**Exercise instructions**
Provide the entries once more, identical in every word.

**Data records**
————————
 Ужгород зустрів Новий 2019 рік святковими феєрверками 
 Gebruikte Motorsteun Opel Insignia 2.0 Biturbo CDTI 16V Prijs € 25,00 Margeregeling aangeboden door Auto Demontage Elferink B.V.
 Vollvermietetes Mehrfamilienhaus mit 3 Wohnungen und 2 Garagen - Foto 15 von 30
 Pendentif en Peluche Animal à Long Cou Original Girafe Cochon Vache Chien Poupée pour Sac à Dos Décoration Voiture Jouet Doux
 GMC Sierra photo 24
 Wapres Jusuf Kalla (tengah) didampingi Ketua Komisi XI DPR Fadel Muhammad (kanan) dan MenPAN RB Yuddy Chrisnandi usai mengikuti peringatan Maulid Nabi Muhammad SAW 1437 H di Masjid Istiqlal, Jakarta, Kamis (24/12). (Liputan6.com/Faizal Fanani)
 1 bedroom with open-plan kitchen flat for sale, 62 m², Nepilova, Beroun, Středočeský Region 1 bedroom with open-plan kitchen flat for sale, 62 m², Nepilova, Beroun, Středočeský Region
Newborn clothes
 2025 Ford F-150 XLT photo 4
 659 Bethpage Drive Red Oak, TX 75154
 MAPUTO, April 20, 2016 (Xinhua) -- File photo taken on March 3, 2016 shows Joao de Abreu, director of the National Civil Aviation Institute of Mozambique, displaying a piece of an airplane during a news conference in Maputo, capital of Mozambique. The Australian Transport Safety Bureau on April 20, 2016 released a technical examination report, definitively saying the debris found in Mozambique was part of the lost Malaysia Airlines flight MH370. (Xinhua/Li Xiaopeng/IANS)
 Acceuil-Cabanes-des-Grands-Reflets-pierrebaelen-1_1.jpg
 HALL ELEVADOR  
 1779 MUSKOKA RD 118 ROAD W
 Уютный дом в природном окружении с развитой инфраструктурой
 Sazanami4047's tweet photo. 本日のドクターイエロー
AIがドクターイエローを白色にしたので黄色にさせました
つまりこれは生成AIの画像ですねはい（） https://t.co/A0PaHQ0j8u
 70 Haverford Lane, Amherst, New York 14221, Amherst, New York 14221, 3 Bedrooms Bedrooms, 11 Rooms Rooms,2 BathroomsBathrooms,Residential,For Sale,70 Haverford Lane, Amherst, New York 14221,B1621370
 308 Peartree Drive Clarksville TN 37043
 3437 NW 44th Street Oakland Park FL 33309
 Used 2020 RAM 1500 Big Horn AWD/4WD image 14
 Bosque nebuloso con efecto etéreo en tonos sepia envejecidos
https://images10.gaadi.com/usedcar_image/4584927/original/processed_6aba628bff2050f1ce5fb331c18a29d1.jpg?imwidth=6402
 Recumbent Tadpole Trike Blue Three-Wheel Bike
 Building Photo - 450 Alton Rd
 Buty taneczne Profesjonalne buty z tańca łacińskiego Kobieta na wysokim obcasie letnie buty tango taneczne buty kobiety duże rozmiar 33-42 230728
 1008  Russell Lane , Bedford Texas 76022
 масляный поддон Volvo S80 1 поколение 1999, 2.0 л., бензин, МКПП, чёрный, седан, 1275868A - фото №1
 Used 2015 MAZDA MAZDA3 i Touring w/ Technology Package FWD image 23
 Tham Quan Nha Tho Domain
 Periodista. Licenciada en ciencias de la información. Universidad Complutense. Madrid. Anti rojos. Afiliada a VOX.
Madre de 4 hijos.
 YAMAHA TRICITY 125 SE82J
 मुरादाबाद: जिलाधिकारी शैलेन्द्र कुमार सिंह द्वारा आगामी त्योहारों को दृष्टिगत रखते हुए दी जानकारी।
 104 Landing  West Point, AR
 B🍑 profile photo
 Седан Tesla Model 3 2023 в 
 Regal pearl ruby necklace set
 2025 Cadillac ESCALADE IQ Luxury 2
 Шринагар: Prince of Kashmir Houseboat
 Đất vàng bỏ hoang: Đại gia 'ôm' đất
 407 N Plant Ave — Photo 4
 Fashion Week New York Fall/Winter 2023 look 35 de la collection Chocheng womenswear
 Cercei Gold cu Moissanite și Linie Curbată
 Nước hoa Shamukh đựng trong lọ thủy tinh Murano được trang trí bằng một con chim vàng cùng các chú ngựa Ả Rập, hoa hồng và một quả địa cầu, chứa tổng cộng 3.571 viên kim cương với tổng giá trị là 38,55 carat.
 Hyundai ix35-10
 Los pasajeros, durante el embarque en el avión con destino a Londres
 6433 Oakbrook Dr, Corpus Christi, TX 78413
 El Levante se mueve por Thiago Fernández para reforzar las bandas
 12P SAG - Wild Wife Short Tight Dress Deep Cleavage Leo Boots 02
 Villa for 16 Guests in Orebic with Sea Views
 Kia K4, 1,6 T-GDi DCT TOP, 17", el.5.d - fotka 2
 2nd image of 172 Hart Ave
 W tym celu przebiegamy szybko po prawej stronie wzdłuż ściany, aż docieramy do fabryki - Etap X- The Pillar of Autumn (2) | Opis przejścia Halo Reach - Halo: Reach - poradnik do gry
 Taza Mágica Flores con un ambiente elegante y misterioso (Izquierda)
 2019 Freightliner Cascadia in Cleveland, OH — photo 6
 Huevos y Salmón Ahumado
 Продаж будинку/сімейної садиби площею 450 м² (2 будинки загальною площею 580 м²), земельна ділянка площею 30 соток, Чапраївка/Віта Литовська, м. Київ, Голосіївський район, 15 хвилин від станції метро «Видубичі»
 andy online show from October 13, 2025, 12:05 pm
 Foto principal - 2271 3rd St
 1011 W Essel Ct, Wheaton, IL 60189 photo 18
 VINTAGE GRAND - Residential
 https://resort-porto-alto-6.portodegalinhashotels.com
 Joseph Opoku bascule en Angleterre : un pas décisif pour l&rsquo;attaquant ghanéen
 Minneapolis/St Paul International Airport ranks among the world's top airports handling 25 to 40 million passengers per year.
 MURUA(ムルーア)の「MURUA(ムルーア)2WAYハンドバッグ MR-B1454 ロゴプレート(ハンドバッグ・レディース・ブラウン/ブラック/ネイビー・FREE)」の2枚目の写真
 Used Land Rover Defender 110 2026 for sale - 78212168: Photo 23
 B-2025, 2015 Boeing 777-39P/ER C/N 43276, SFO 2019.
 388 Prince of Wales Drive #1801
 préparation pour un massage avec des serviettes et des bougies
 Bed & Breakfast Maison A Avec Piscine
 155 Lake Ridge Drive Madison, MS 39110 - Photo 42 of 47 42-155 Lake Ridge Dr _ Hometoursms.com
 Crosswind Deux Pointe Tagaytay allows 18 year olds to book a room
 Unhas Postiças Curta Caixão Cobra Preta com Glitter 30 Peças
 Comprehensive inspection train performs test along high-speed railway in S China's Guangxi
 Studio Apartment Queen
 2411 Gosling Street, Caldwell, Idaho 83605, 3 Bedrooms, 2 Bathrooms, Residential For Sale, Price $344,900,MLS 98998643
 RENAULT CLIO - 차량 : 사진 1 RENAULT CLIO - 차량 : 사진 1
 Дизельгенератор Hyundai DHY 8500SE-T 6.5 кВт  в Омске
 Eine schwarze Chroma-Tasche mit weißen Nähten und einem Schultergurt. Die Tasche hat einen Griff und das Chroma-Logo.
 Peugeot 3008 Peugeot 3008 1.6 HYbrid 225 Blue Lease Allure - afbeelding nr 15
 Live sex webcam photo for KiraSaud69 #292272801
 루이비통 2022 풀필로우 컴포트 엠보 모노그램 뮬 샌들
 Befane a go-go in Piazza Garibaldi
————————
**Result for this task**
 Ужгород зустрів Новий 2019 рік святковими феєрверками 
 Gebruikte Motorsteun Opel Insignia 2.0 Biturbo CDTI 16V Prijs € 25,00 Margeregeling aangeboden door Auto Demontage Elferink B.V.
 Vollvermietetes Mehrfamilienhaus mit 3 Wohnungen und 2 Garagen - Foto 15 von 30
 Pendentif en Peluche Animal à Long Cou Original Girafe Cochon Vache Chien Poupée pour Sac à Dos Décoration Voiture Jouet Doux
 GMC Sierra photo 24
 Wapres Jusuf Kalla (tengah) didampingi Ketua Komisi XI DPR Fadel Muhammad (kanan) dan MenPAN RB Yuddy Chrisnandi usai mengikuti peringatan Maulid Nabi Muhammad SAW 1437 H di Masjid Istiqlal, Jakarta, Kamis (24/12). (Liputan6.com/Faizal Fanani)
 1 bedroom with open-plan kitchen flat for sale, 62 m², Nepilova, Beroun, Středočeský Region 1 bedroom with open-plan kitchen flat for sale, 62 m², Nepilova, Beroun, Středočeský Region
Newborn clothes
 2025 Ford F-150 XLT photo 4
 659 Bethpage Drive Red Oak, TX 75154
 MAPUTO, April 20, 2016 (Xinhua) -- File photo taken on March 3, 2016 shows Joao de Abreu, director of the National Civil Aviation Institute of Mozambique, displaying a piece of an airplane during a news conference in Maputo, capital of Mozambique. The Australian Transport Safety Bureau on April 20, 2016 released a technical examination report, definitively saying the debris found in Mozambique was part of the lost Malaysia Airlines flight MH370. (Xinhua/Li Xiaopeng/IANS)
 Acceuil-Cabanes-des-Grands-Reflets-pierrebaelen-1_1.jpg
 HALL ELEVADOR  
 1779 MUSKOKA RD 118 ROAD W
 Уютный дом в природном окружении с развитой инфраструктурой
 Sazanami4047's tweet photo. 本日のドクターイエロー
AIがドクターイエローを白色にしたので黄色にさせました
つまりこれは生成AIの画像ですねはい（） https://t.co/A0PaHQ0j8u
 70 Haverford Lane, Amherst, New York 14221, Amherst, New York 14221, 3 Bedrooms Bedrooms, 11 Rooms Rooms,2 BathroomsBathrooms,Residential,For Sale,70 Haverford Lane, Amherst, New York 14221,B1621370
 308 Peartree Drive Clarksville TN 37043
 3437 NW 44th Street Oakland Park FL 33309
 Used 2020 RAM 1500 Big Horn AWD/4WD image 14
 Bosque nebuloso con efecto etéreo en tonos sepia envejecidos
https://images10.gaadi.com/usedcar_image/4584927/original/processed_6aba628bff2050f1ce5fb331c18a29d1.jpg?imwidth=6402
 Recumbent Tadpole Trike Blue Three-Wheel Bike
 Building Photo - 450 Alton Rd
 Buty taneczne Profesjonalne buty z tańca łacińskiego Kobieta na wysokim obcasie letnie buty tango taneczne buty kobiety duże rozmiar 33-42 230728
 1008  Russell Lane , Bedford Texas 76022
 масляный поддон Volvo S80 1 поколение 1999, 2.0 л., бензин, МКПП, чёрный, седан, 1275868A - фото №1
 Used 2015 MAZDA MAZDA3 i Touring w/ Technology Package FWD image 23
 Tham Quan Nha Tho Domain
 Periodista. Licenciada en ciencias de la información. Universidad Complutense. Madrid. Anti rojos. Afiliada a VOX.
Madre de 4 hijos.
 YAMAHA TRICITY 125 SE82J
 मुरादाबाद: जिलाधिकारी शैलेन्द्र कुमार सिंह द्वारा आगामी त्योहारों को दृष्टिगत रखते हुए दी जानकारी।
 104 Landing  West Point, AR
 B🍑 profile photo
 Седан Tesla Model 3 2023 в 
 Regal pearl ruby necklace set
 2025 Cadillac ESCALADE IQ Luxury 2
 Шринагар: Prince of Kashmir Houseboat
 Đất vàng bỏ hoang: Đại gia 'ôm' đất
 407 N Plant Ave — Photo 4
 Fashion Week New York Fall/Winter 2023 look 35 de la collection Chocheng womenswear
 Cercei Gold cu Moissanite și Linie Curbată
 Nước hoa Shamukh đựng trong lọ thủy tinh Murano được trang trí bằng một con chim vàng cùng các chú ngựa Ả Rập, hoa hồng và một quả địa cầu, chứa tổng cộng 3.571 viên kim cương với tổng giá trị là 38,55 carat.
 Hyundai ix35-10
 Los pasajeros, durante el embarque en el avión con destino a Londres
 6433 Oakbrook Dr, Corpus Christi, TX 78413
 El Levante se mueve por Thiago Fernández para reforzar las bandas
 12P SAG - Wild Wife Short Tight Dress Deep Cleavage Leo Boots 02
 Villa for 16 Guests in Orebic with Sea Views
 Kia K4, 1,6 T-GDi DCT TOP, 17", el.5.d - fotka 2
 2nd image of 172 Hart Ave
 W tym celu przebiegamy szybko po prawej stronie wzdłuż ściany, aż docieramy do fabryki - Etap X- The Pillar of Autumn (2) | Opis przejścia Halo Reach - Halo: Reach - poradnik do gry
 Taza Mágica Flores con un ambiente elegante y misterioso (Izquierda)
 2019 Freightliner Cascadia in Cleveland, OH — photo 6
 Huevos y Salmón Ahumado
 Продаж будинку/сімейної садиби площею 450 м² (2 будинки загальною площею 580 м²), земельна ділянка площею 30 соток, Чапраївка/Віта Литовська, м. Київ, Голосіївський район, 15 хвилин від станції метро «Видубичі»
 andy online show from October 13, 2025, 12:05 pm
 Foto principal - 2271 3rd St
 1011 W Essel Ct, Wheaton, IL 60189 photo 18
 VINTAGE GRAND - Residential
 https://resort-porto-alto-6.portodegalinhashotels.com
 Joseph Opoku bascule en Angleterre : un pas décisif pour l&rsquo;attaquant ghanéen
 Minneapolis/St Paul International Airport ranks among the world's top airports handling 25 to 40 million passengers per year.
 MURUA(ムルーア)の「MURUA(ムルーア)2WAYハンドバッグ MR-B1454 ロゴプレート(ハンドバッグ・レディース・ブラウン/ブラック/ネイビー・FREE)」の2枚目の写真
 Used Land Rover Defender 110 2026 for sale - 78212168: Photo 23
 B-2025, 2015 Boeing 777-39P/ER C/N 43276, SFO 2019.
 388 Prince of Wales Drive #1801
 préparation pour un massage avec des serviettes et des bougies
 Bed & Breakfast Maison A Avec Piscine
 155 Lake Ridge Drive Madison, MS 39110 - Photo 42 of 47 42-155 Lake Ridge Dr _ Hometoursms.com
 Crosswind Deux Pointe Tagaytay allows 18 year olds to book a room
 Unhas Postiças Curta Caixão Cobra Preta com Glitter 30 Peças
 Comprehensive inspection train performs test along high-speed railway in S China's Guangxi
 Studio Apartment Queen
 2411 Gosling Street, Caldwell, Idaho 83605, 3 Bedrooms, 2 Bathrooms, Residential For Sale, Price $344,900,MLS 98998643
 RENAULT CLIO - 차량 : 사진 1 RENAULT CLIO - 차량 : 사진 1
 Дизельгенератор Hyundai DHY 8500SE-T 6.5 кВт  в Омске
 Eine schwarze Chroma-Tasche mit weißen Nähten und einem Schultergurt. Die Tasche hat einen Griff und das Chroma-Logo.
 Peugeot 3008 Peugeot 3008 1.6 HYbrid 225 Blue Lease Allure - afbeelding nr 15
 Live sex webcam photo for KiraSaud69 #292272801
 루이비통 2022 풀필로우 컴포트 엠보 모노그램 뮬 샌들
 Befane a go-go in Piazza Garibaldi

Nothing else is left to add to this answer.